Even his "shocked and very surprised" Wasps coach Nigel Melville, himself a former England captain, acknowledged that the story would force the International Board and the RFU to react swiftly. "There is a wider implication for the game as a whole," said Melville.

"He's only one player in a game with lots of young people. We have to look at that issue because if there is a problem we have to deal with it." With the domestic season over and Dallaglio relieved from club duty until after the World Cup, the flanker's England future rather than his Wasps dayjob is under the more immediate threat.

His role as the national captain is surely untenable. How can a governing body or sponsor entertain the hypothetical prospect of a team going into a World Cup led by an ex-drug dealer?

Peter Wheeler, the chief executive of Premiership champions Leicester and another former England captain, said: "If the reports of Lawrence's conduct are accurate it must put his position as captain in jeopardy. Lawrence is a role model and, in that situation, you cannot become involved in the activities that are alleged."

There remains plenty of backing inside the England squad, who tend to view recent incidents such as Jeremy Guscott's court appearance to answer a road-rage charge as unrelated to rugby.

"The England squad are very supportive . . . whether there is any truth in it or not is not the point," said Jonny Wilkinson, the youngest member of the side. "Everyone gets on with him well and has a great deal of respect for him."

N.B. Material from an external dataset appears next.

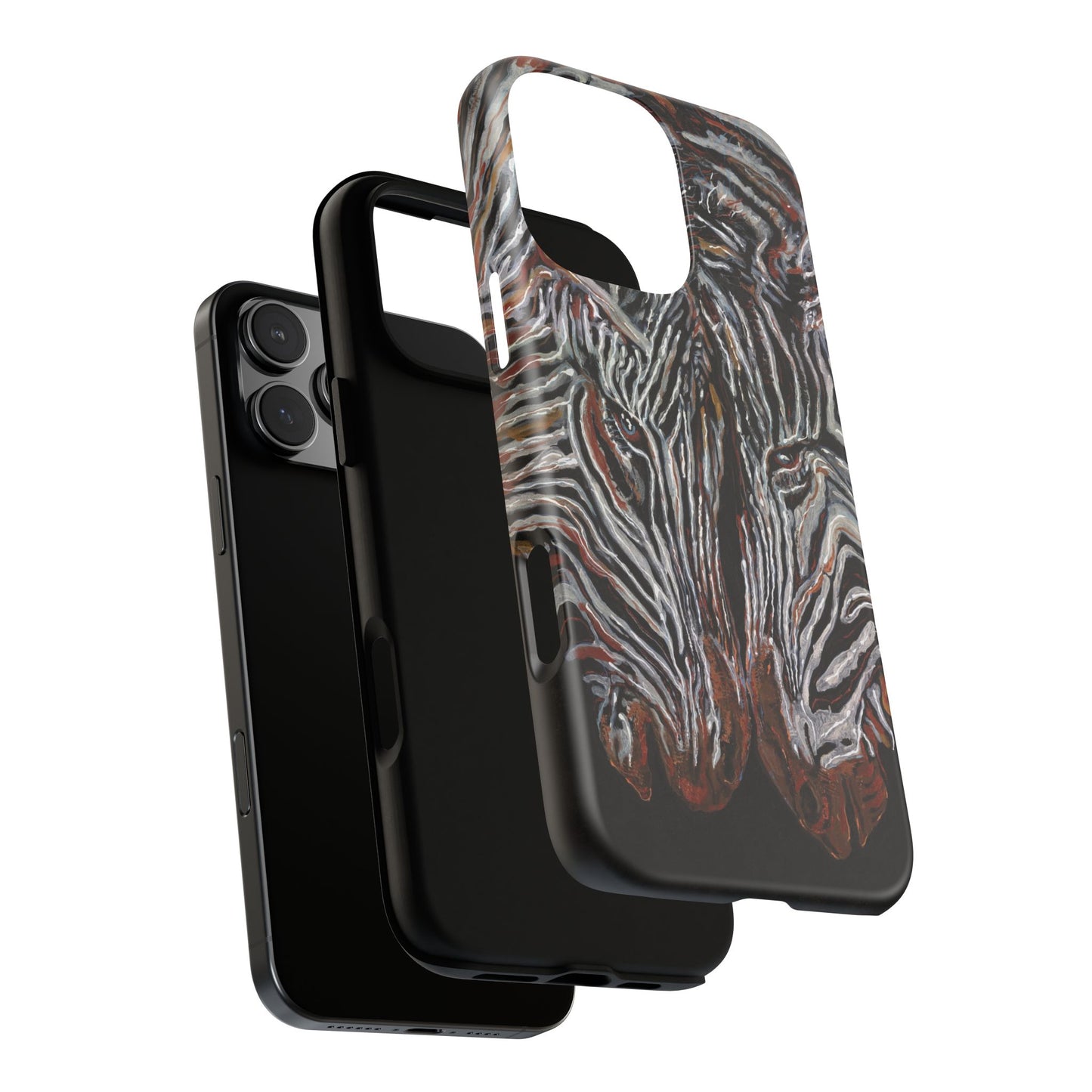 Artistic Zebra Phone Case Twin Zebra Image- Tough Protection for Wildlife Lovers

At least Dallaglio showed some foresight when he was appointed in October 1997. "I'm not concerned about a higher profile because rugby is now a career and all players have to accept everything that comes with it," he said then. "The important thing for me is that, collectively, England play well and win matches."

The way ahead now looks much bleaker. It will require some remarkable leniency from the RFU to allow him to add to his 26 caps this summer and his chances of touring Australia with the Lions in 2001 must be negligible.

The stakes are high on both sides. By endorsing Woodward's choice of a PR-friendly captain rather than Martin Johnson, the unsmiling Leicester enforcer and successful Lions leader, the RFU knew that it risked a return to the Will Carling era, when the England team's public image eventually became indistinguishable from its captain's.

The difference between Dallaglio and Carling is that Dallaglio's alleged misdeeds could end up shattering the illusions of an awful lot more people.

Several leading players, among them Va'aiga Tuigamala, have predicted that England could win the World Cup. No-one will be so sure this morning.